Thank goodness Labour MP David Lammy has finally admitted that his party were wrong to reform smacking laws. About time too.
The majority of, what one woman on the ITV News described as the ‘feral vermin,’ that attacked our major cities last year were all under the age of twenty one. The youngest was believed to be just eleven years old. Britain lost its power and its disipline where it had already lost its respect and it only had itself to blame.
Take for example a childs very start to life – nursery school – up and down the country nursery workers are now banned from telling a child that they are ‘naughty,’ because it ‘brands’ them. Then of course, in 2004 the power to smack your own child was taken out of the hands of parents for fear that the country was failing to provide children with equal protection under the law on common assault.
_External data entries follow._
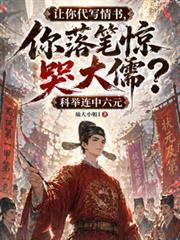 学神他总想掰弯我眼镜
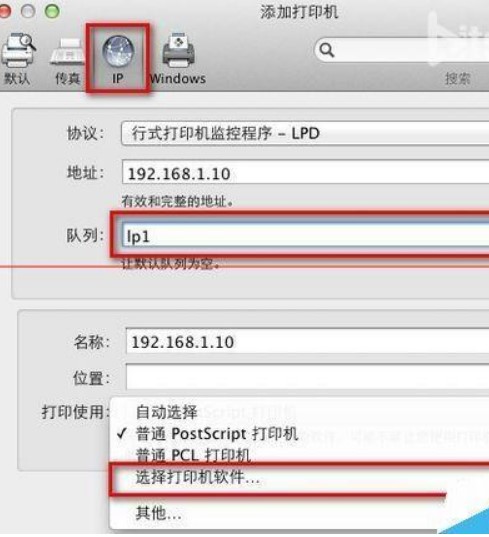 如何在电脑上安装打印服务器设备？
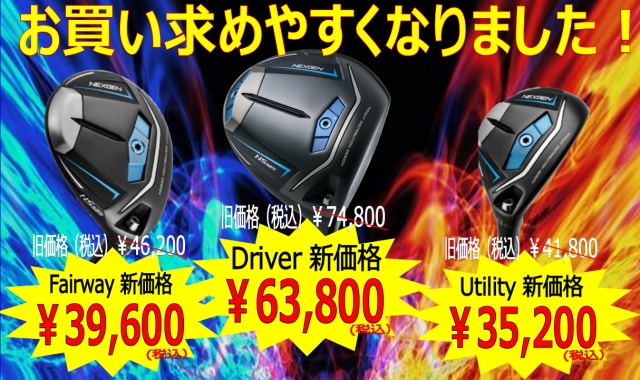 NEXGEN NS250お買い求めやすくなりました！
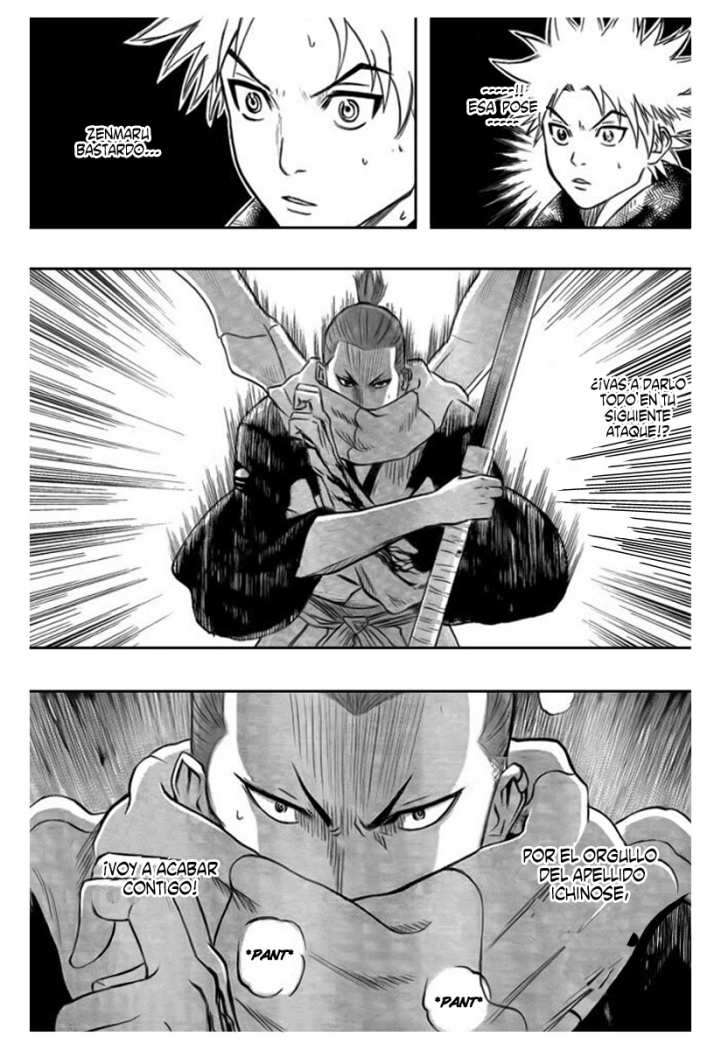 Read Gamaran ES Manga Online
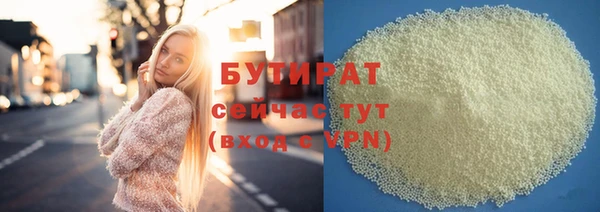 скорость Балабаново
Teachers no longer have any power. They cannot touch a child without fear of losing their jobs and the worst part is that children are all too aware of their rights. They know that if any adult breaches the rules of this ‘nanny state,’ that they can kiss goodbye to their livelihood and even their friends and family. Society will simply outcast them in disgust.
Lets face it, coupled with the fact that everyday another tabloid brandishes the news that rapists and paedophiles are getting more and more reduced sentences across their front pages, is it really any wonder that the children on the streets of London, Birmingham and Wolverhampton, thought that they could get away with pretty much anything? Nobody was going to put them into prison for nicking a CD player, especially not if that murderer down the road only got four years and a telling off?
Nobody’s saying bring back the cane, and I for one believe that there must be some rules in place to stop adults severely hurting their children – just one look at the case of Baby P tells us that we still have monsters in our midst that bend the rules way too far and we CANNOT allow these cases to continue- but we must also give power back to those in control of children. My parents smacked me a handful of times whilst I was growing up and not only did it do nothing to damage my wonderful relationship with them, but it meant that the fear of punishment was always there if I did something wrong, which ultimately stopped me from doing it. My teachers were allowed to shout in our faces, to call us ‘naughty’ and to make examples of us and again, the shame that that brought about was enough to stop us from ‘pushing it too far. ’ We genuinely feared the police, because when I was growing up, prison seemed a scary place (I blame ‘cops with camera’s’ myself but that’s for another time).
Labour were wrong to reform smacking laws and maybe now that they realise so, perhaps we can start to get our Britain back to something that we can all be proud of.